Last week I interviewed Joey Vanas, a managing partner of First Friday. (There are five managing partners in total, including Tony Hsieh, but Vanas is the one with his boots most often on the ground, so to speak.) We talked about the future of First Friday, which is unlimited, and the profitability of First Friday, which is nonexistent.
Near the end of the interview, I asked him to address the parking complaints. The alleged lack of parking for First Friday—and for downtown Las Vegas in general—is a huge sticking point for FF haters: “I’d go down there if there were any parking.” Vanas is a chill guy; to paraphrase Vonnegut, he glows like a bass drum with a light bulb inside. But the parking question shook his cool.
“Here’s the big secret: there’s not a lack of parking,” he said, mouth firmly set. “You live downtown; you know this. Other people live downtown; they know this. To be candid, I’m just sick of reading all these dumb articles about, ‘There’s no parking, and it’s the biggest challenge downtown.’ If that’s all we want to talk about, people aren’t going to come, because it’s just going to scare them off.

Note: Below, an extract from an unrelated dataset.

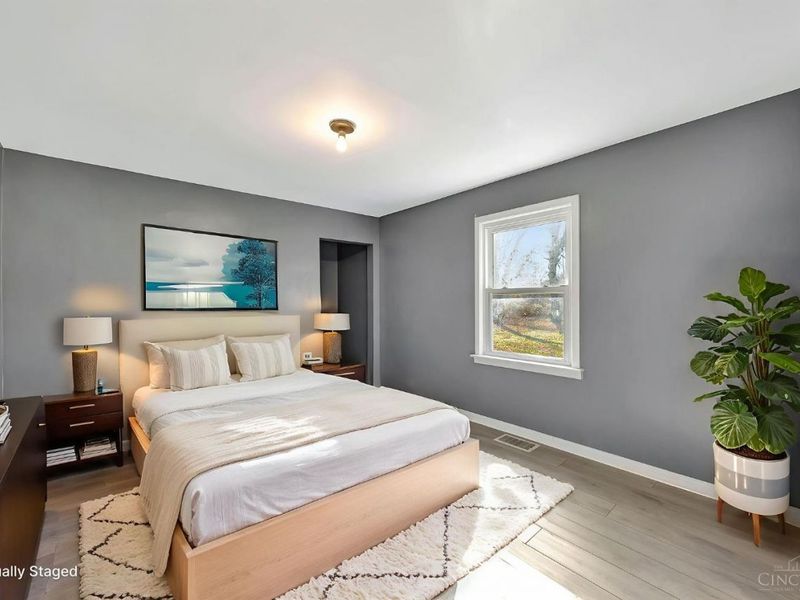 4524 Manchester Road, Middletown, OH 45042 Photo 16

“I’ve been to a lot of big cities all over the world, and this is the easiest one to park in,” he continued. “Go park in New York, Boston, Seattle or Los Angeles.”

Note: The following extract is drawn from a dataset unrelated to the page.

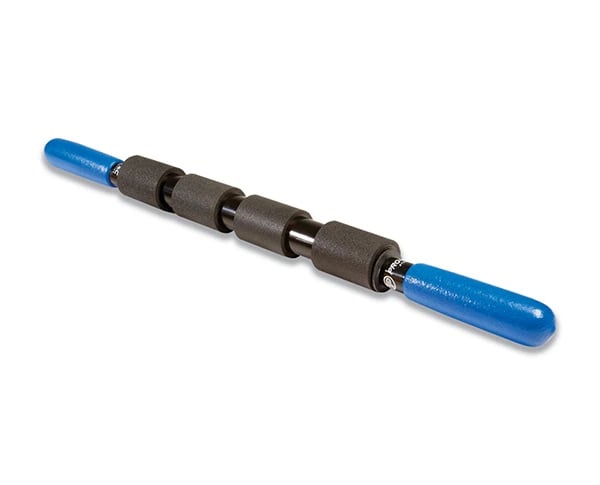 Pro-Tec Athletics Massager Roller, 22"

I nodded vigorous agreement. Parking in Seattle is a fucking Herculean endeavor. After two years of trying to find a parking spot on Capitol Hill on Friday and Saturday night, circling and re-circling the same five blocks for nearly an hour, I simply sold my car and got on a bus—and there I stayed.

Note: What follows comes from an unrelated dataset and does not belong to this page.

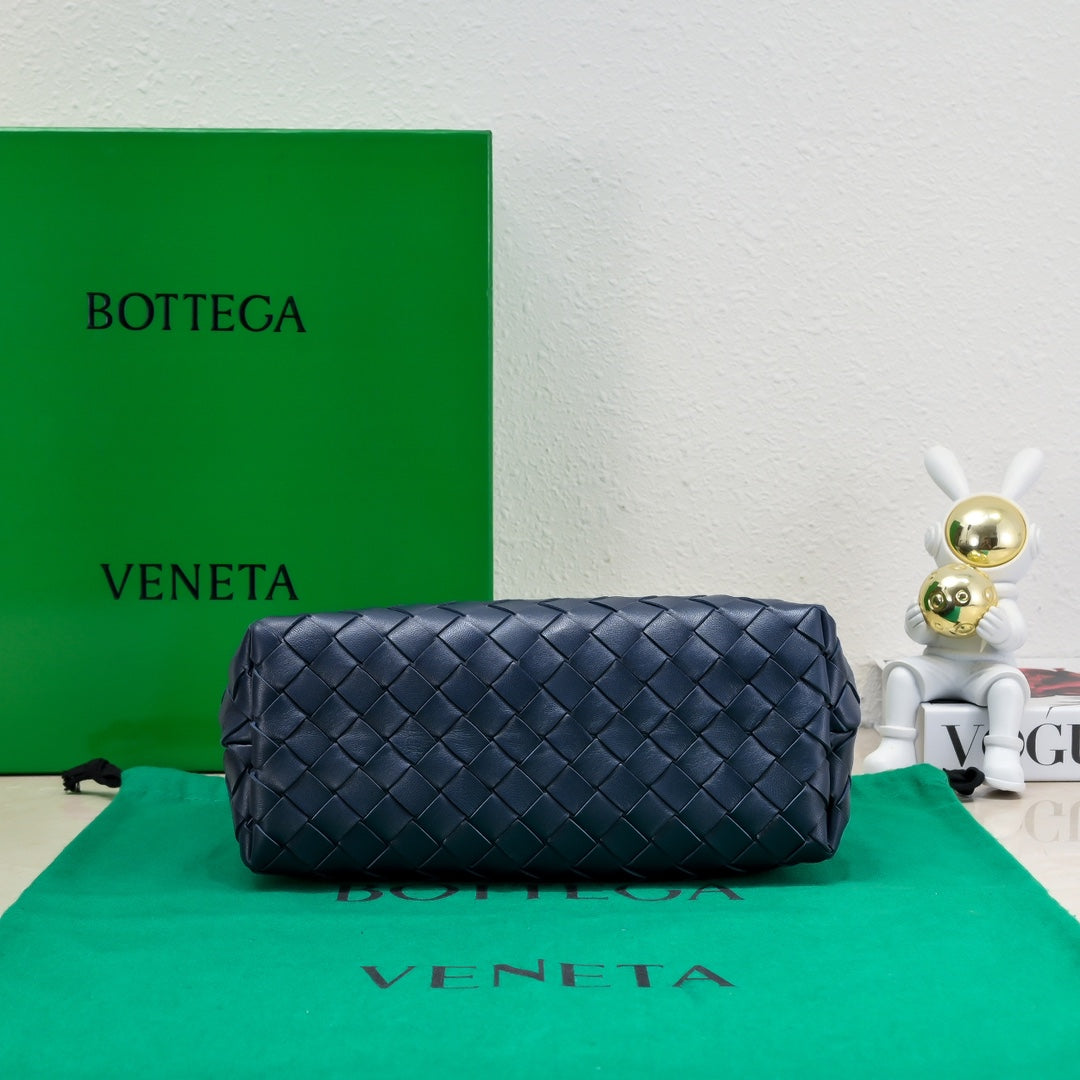 Bottega Veneta Handbag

“There’s not a shortage of parking,” Vanas continued. “We have tons of spots. We run five free shuttles every single First Friday. We have two open-top buses that carry 70 people at a time going back and forth to the Government Center, which is three miles away. You could walk that if you wanted to. There’s unused parking spaces every single First Friday. Just go to the (Clark County) Government Center, park and hop on a shuttle. It’s free parking; it’s free shuttle service. I don’t know of any downtown event that does that.
“There are two shuttles that run back and forth between Fremont East to the Get Back Alley location,” he continued. And there’s the Stewart parking garage on Las Vegas Boulevard and Stewart, with 600 spots. About 50 of them get used. And they’re just a half a block, two blocks away.”
I bring this up for two reasons. One is that Vanas really does seem bothered by this “no parking” thing, and he’s a really nice guy and I want to do him the favor of getting the truth out there. The other reason is because something that I actually heard at the last First Friday.
My friend and I had just finished dinner on Fremont East, and we needed to get to Blackbird Studios at Commerce Street and Utah Avenue. She began to lament the parking situation —“Hope we can find a spot over there”— and I suggested the open-top tour bus shuttle, which was actually stopped not 20 feet away at the entrance to the Get Back Alley. It was empty.
My friend shook her head. “I’ve never gotten on a bus in this town, and I never will.”
Now, her reasons for not wanting to take a bus here are her own and I’m not about to criticize her for them, especially because she has a really nice car, and the piousness of my no-car quest notwithstanding, I’m not above accepting the occasional ride. But she’s far from alone. There are thousands upon thousands of Las Vegas who consider themselves true urbanites,
people who speak feeling of their desire to live in “a real city”—but they’ve never taken public transportation and they never will, because why would they? Why take a bus when you have a car?
That’s easy: because there’s not a parking spot open in front of the Blackbird, and the lot at the Artfice is full. It’s not a city-design problem; it’s yours, and those of your friends, every one of whom drove their own car. Just get on the bus and nobody gets hurt.
Most Las Vegans would rather drive a mile than walk a foot. And until now, they haven’t had to walk anywhere, or to consider a transportation option other than their car. First Friday confounds them: Where’s the valet? Why don’t they just hold this thing in a casino? And it’s a real shame, because First Friday could provide a valuable lesson in getting around Las Vegas car-free for those willing to accept it.
Just try it. Park at the Government Center and hop a free bus. Or, if you live on the west side, park at the Westcliff Transit Center at Westcliff Drive and Durango Drive and take the Westcliff Airport Express; the schedule is here. And don’t think of it as a capitulation or a surrender; think of it as part of the experience of living in a city, because it is.
You may feel a sense of disconnect the first time you try it. You’ll worry about the safety of your car, even though it has just as much chance of being robbed or vandalized with you only a half-block away. But then another feeling will take over: a kind of abandon. You don’t have to re-park that thing. You don’t have to battle traffic. And if you take the bus from home and a cab back, you don’t even have to watch your booze intake.
And it can all begin on a nice, clean tour bus. Shit, if all of RTC’s buses were as nice as the open-tops being used for First Friday, I’d be positively ecstatic at the idea of hopping one. You could try this for your own sake—or you could do it for Joey Vanas, who would like to see this matter closed.
“If you have a car, then you just need to check out the First Friday website. It has a giant button that says, ‘Parking.’ It’s the biggest thing on there,” he says.